Alguns fatores que influenciam as variações de ano a ano dos números de assassinatos têm relação com a transformação do cenário criminal brasileiro. “A partir do momento em que o Primeiro Comando da Capital começou a vender drogas para todo o Brasil, os grupos passaram a mimetizar a estrutura do PCC. O equilíbrio ou desequilíbrio do mercado de droga nos Estados, o acirramento de certas rivalidades fazem com que muitas vezes o crime cresça ou o homicídio cresça ou diminua. O que estamos vendo é que o mercado de droga e esses grupos vêm se estabilizando, atuando de forma a aumentar seus lucros e diminuir seus custos. Homicídio em alta significa, muitas vezes, prejuízo e custo maior e, conforme esse mercado de drogas se profissionaliza, começamos a ver uma racionalidade natural de que, ao pacificar ou a fazer acordo e diminuir os conflitos autodestrutivos desse mercado, eles passem a ganhar mais dinheiro”, comenta Manso. Ou seja, para o pesquisador, no médio prazo, esse mercado está se profissionalizando.

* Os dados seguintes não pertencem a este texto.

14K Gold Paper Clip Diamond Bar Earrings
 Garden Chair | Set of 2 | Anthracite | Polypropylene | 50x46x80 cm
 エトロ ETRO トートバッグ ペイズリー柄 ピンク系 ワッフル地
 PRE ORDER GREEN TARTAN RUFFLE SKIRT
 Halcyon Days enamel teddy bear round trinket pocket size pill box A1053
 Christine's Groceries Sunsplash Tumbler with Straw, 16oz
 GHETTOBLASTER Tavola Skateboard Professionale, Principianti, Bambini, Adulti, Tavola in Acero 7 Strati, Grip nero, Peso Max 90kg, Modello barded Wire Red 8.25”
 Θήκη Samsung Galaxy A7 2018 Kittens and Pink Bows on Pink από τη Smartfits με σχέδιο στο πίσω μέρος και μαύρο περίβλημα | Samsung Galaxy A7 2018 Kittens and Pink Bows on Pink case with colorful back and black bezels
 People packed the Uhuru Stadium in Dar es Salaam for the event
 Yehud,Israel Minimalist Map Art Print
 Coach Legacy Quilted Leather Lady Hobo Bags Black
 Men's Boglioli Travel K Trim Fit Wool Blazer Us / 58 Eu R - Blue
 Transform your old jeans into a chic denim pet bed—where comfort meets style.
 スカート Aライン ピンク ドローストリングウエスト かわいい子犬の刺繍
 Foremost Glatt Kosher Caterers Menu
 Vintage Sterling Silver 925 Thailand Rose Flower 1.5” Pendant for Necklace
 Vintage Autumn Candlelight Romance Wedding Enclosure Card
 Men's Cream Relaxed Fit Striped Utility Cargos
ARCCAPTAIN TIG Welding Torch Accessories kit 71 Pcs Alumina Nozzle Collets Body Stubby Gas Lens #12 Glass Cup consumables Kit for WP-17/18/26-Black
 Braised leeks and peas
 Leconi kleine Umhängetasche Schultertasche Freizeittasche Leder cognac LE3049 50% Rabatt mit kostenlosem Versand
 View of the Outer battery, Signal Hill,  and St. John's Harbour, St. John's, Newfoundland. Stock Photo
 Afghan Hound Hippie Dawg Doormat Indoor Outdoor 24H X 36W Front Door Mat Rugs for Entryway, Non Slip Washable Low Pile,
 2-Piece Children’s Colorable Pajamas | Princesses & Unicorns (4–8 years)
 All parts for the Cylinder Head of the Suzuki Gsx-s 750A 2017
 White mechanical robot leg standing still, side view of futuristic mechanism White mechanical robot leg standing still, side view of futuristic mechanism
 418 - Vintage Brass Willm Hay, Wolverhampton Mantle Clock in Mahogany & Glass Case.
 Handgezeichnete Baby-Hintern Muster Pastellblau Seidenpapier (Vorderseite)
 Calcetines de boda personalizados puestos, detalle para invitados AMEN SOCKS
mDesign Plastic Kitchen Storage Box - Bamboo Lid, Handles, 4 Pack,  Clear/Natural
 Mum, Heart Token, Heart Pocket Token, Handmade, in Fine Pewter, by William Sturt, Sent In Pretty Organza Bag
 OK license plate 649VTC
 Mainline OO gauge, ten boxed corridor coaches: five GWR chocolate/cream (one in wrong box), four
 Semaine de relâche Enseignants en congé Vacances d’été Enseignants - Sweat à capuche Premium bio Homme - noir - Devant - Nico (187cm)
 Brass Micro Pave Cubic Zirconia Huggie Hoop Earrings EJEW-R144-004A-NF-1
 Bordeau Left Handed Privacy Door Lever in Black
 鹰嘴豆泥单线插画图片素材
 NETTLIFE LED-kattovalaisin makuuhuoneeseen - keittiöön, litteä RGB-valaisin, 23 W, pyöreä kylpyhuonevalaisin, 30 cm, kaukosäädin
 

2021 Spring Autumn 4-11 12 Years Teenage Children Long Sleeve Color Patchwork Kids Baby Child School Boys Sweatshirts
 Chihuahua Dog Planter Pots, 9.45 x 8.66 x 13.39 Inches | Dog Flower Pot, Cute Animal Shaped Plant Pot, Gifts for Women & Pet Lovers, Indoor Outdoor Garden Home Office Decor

Além disso, o crescimento de armas em circulação é outro ponto crucial observado, levando em conta o estudo. Bruno Paes Manso ressalta: “O desvio dessas armas para o mercado criminal aumenta, principalmente, a possibilidade dos crimes ocasionais que não estão ligados a essa estratégia de competição do mercado de drogas, mas são ligadas a certos momentos de raiva, de ódio, de emoção nas ruas, nos bares, nas brigas de trânsito, dentro de casa, nos feminicídios, nos crimes”.
Tendência
A região Sul foi a única que cresceu no número de assassinatos, porém os Estados do Mato Grosso e de Rondônia também apresentaram um aumento nesse número. Enquanto isso, a região Nordeste foi a que apresentou a maior queda, segundo os dados do Monitor de Violência.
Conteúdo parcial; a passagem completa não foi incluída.